Then he locked up the notes in the safe, and just then Hope opened the door of the little office and looked in.
“At last,” said Bartley.
“Well, sir,” said Hope, “I have only been half an hour, and I have changed my clothes and stood witness to a marriage. She begged me so hard: I was at the door. Such a beautiful girl! I could not take my eyes off her.”
“The child?” said Bartley, with natural impatience.
“I have hidden her in the yard.”
“Bring her this moment, while the clerks are out.”
Hope hurried out, and soon returned with his child, wrapped up in a nice warm shawl he had bought her with Bartley’s money.
Bartley took the child from him, looked at her face, and said, “Little darling, I shall love her as my own;” then he begged Hope to sit down in the lobby till he should call him and introduce him to his clerks. “One of them is a thief, I’m afraid.”
He took the child inside, and gave her to his confederate, the nurse.
“Dear me,” thought Hope, “only two clerks, and one of them dishonest.
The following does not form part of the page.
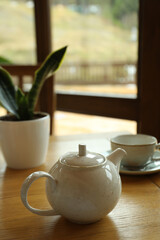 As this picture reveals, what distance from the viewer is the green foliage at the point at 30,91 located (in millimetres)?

I hope it is not that good-natured boy. Oh no! impossible.”
And now Bartley returned, and at the same time Monckton came briskly in through the little office.
At sight of him Bartley said, “Oh, Monckton, I gave that fellow Bolton a week’s notice. But he insists on going directly,” Monckton replied, slyly, that he was sorry to hear that.
“Suspicious? Eh?” said Bartley.
“So suspicious that if I were you—Indeed, Mr. Bartley, I think, in justice to me, the matter ought to be cleared to the bottom.”
“You are right,” said Bartley: “I’ll have him searched before he goes. Fetch me a detective at once.”
Bartley then wrote a line upon his card, and handed it to Monckton, directing him to lose no time. He then rushed out of the house with an air of virtuous indignation, and went to make some delicate arrangements to carry out a fraud, which, begging his pardon, was as felonious, though not so prosaic, as the one he suspected his young clerk of. Monckton was at first a little taken aback by the suddenness of all this; but he was too clear-headed to be long at fault. The matter was brought to a point. Well, he must shoot flying.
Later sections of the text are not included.